Ci sembra di ripercorrere un passato recentissimo, quasi un presente storico, fatto di tavoli istituzionali, di accordi, di veti, di proroghe, di ritardi, di ricatti, di ultimatum. Una trama che, ancora una volta, tiene insieme le ragioni della produzione e del profitto in danno delle esigenze della collettività tarantina che, lo ricordiamo per i distratti, è parte integrante dello Stato italiano.
Da quanto apprendiamo Acciaierie d’Italia nasce chiedendo la modifica del piano ambientale in vigore, già insufficiente; la revoca di tutti i sequestri penali riguardanti lo stabilimento di Taranto e l’assenza di misure restrittive. Non è questa la transizione ecologica che vogliamo. Non è questa la volontà più volte espressa dalle comunità locali anche attraverso l’azione di Regione Puglia e Amministrazione comunale di Taranto.

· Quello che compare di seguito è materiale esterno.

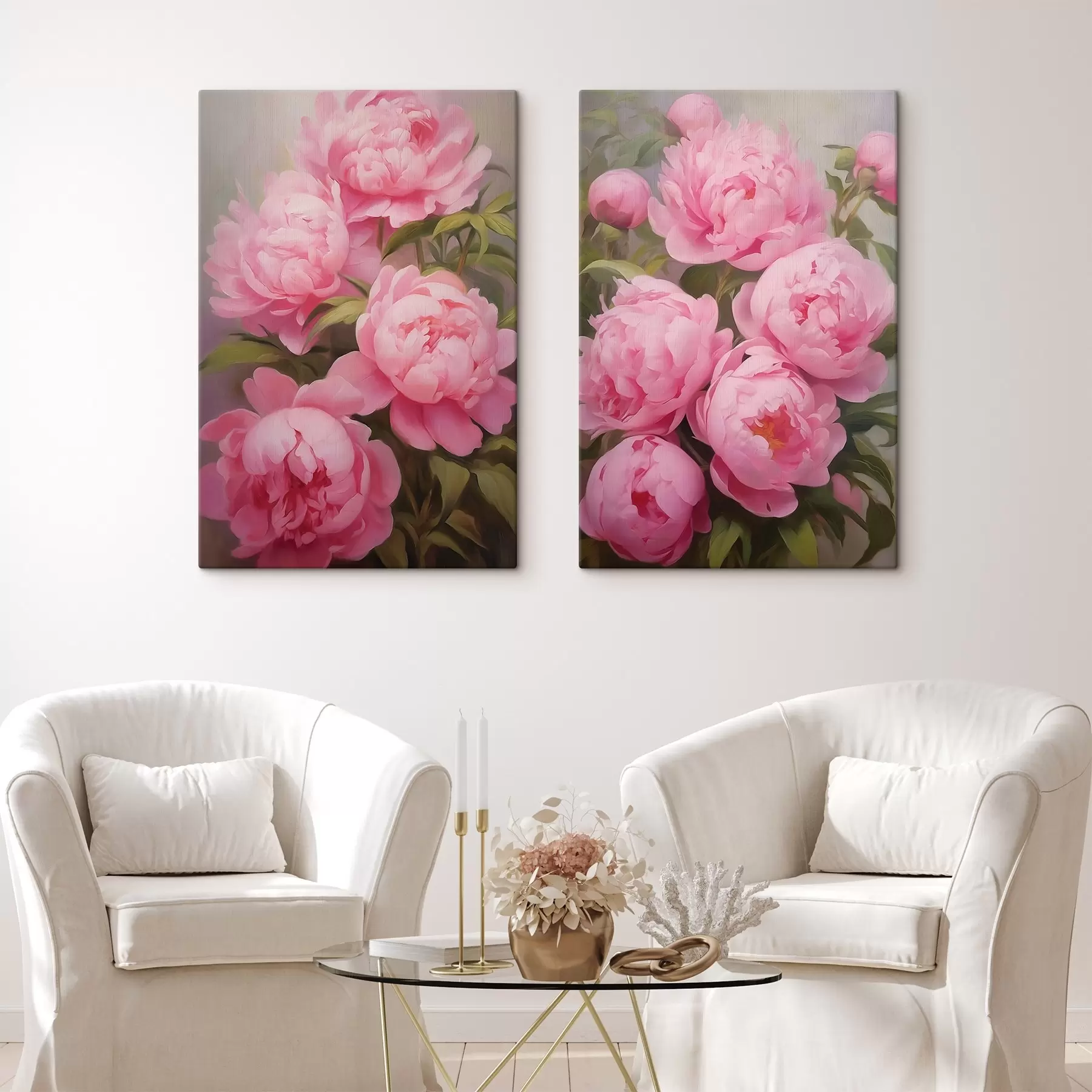 Tableau Pivoines roses m00728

Non è questa la soluzione. Questo è il problema!
Un problema aggravato dal massiccio ricorso alla cassa integrazione, dalla desertificazione dell’indotto. Da episodi di arroganza che non dovrebbero albergare in un Paese dell’Unione Europea. In definitiva, siamo di fronte ad un modello industriale ed economico che ha esaurito la sua spinta propulsiva. Taranto chiede di andare oltre, non è disposta a subire ulteriori ricatti. Questa partita, però, bisogna giocarla e vincerla tutti insieme. Non serve inseguire interessi di parte. Non avrebbe senso e sarebbe dannoso. In questi anni abbiamo assistito ad accordi sindacali ignorati clamorosamente, ad impegni con le imprese non rispettati. Occorre, invece, tenere tutte insieme le questioni. Quella dell’Accordo di programma potrebbe essere la cornice giusta per ripartire mettendo al centro, la salute, il benessere dei cittadini, il lavoro, la sicurezza delle maestranze, la bonifica del territorio, la riconversione di una realtà industriale il cui ridimensionamento sta nei fatti”.